● Goal of the exercise:
Go to the line with "Hasegawa 1/72 US" in the entries below and write out every line from there through the line with "Used 2023 Jeep", exactly and without pictures.

● Task data:
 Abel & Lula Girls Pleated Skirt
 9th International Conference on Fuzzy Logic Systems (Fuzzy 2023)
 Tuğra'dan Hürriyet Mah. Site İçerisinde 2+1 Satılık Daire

---

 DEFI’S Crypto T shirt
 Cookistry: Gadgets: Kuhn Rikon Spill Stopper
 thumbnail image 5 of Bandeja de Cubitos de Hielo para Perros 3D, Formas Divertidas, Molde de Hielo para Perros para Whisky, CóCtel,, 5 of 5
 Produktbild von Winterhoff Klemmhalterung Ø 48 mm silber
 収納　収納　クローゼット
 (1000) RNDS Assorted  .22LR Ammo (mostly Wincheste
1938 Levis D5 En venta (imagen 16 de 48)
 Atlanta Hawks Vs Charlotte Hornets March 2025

...

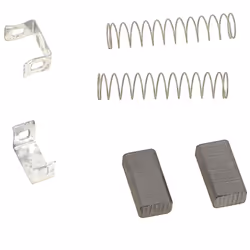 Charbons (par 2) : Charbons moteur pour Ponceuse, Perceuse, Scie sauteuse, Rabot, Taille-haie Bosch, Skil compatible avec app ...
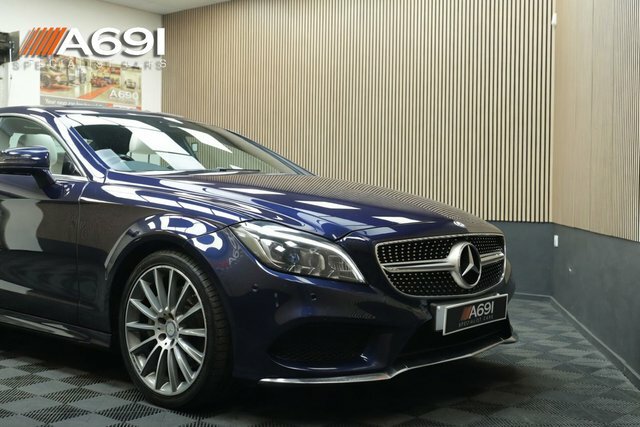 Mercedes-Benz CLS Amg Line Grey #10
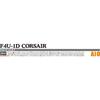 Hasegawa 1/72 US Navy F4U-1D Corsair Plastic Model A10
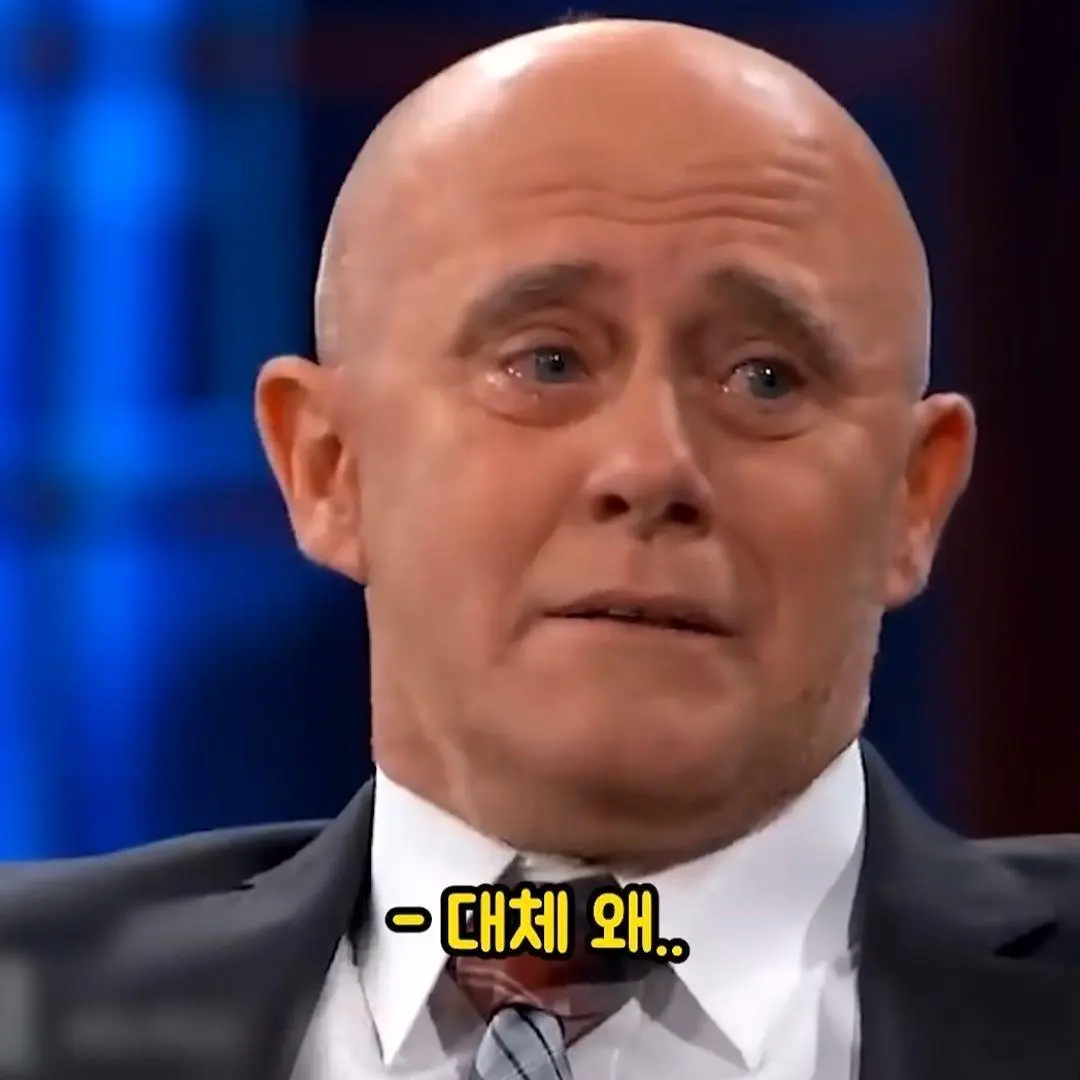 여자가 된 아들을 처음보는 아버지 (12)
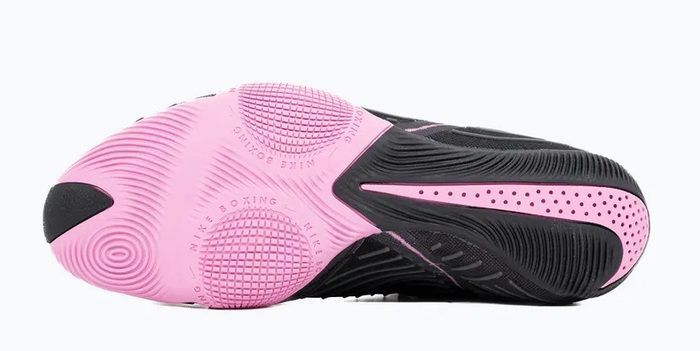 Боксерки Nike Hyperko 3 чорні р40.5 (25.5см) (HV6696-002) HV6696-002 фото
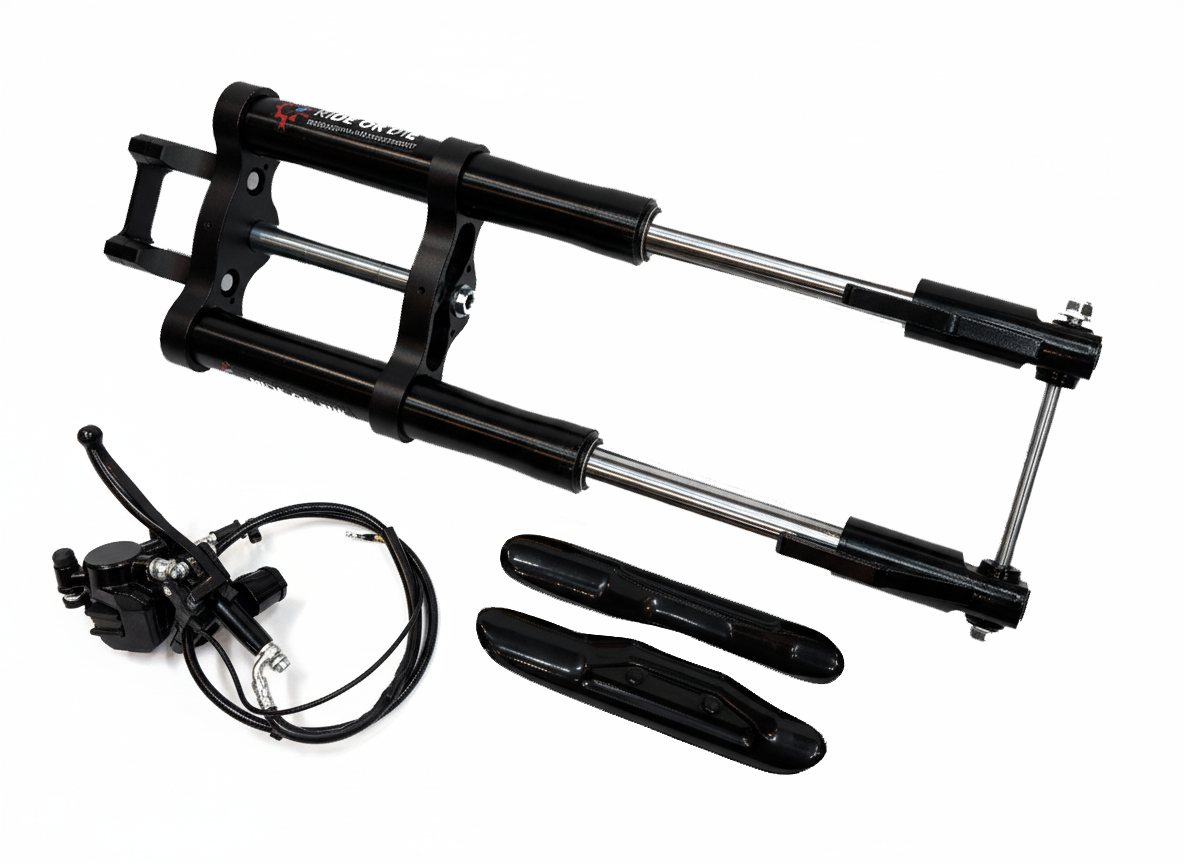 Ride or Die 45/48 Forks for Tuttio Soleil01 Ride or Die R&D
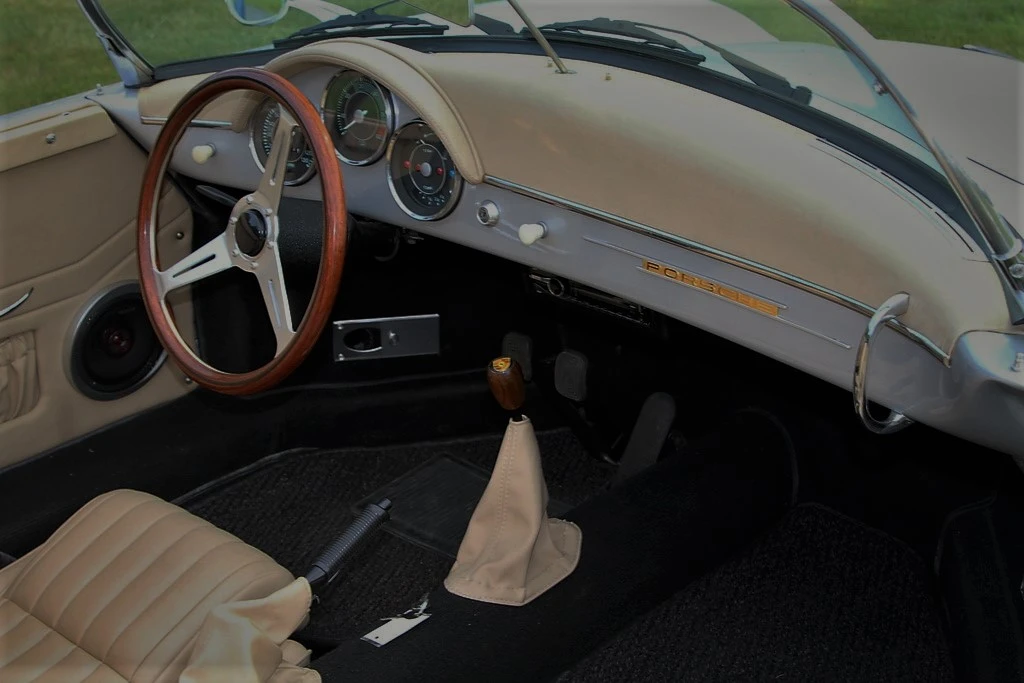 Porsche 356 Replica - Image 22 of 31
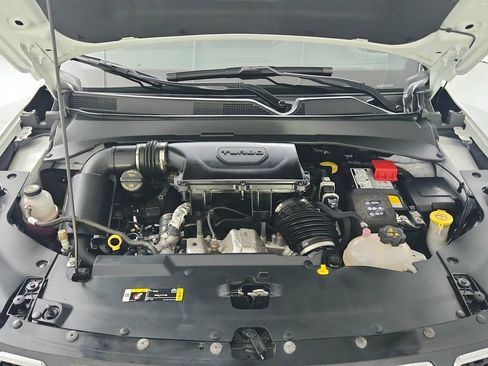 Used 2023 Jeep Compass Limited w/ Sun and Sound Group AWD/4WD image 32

● Answer section:
 Hasegawa 1/72 US Navy F4U-1D Corsair Plastic Model A10
 여자가 된 아들을 처음보는 아버지 (12)
 Боксерки Nike Hyperko 3 чорні р40.5 (25.5см) (HV6696-002) HV6696-002 фото
 Ride or Die 45/48 Forks for Tuttio Soleil01 Ride or Die R&D
 Porsche 356 Replica - Image 22 of 31
 Used 2023 Jeep Compass Limited w/ Sun and Sound Group AWD/4WD image 32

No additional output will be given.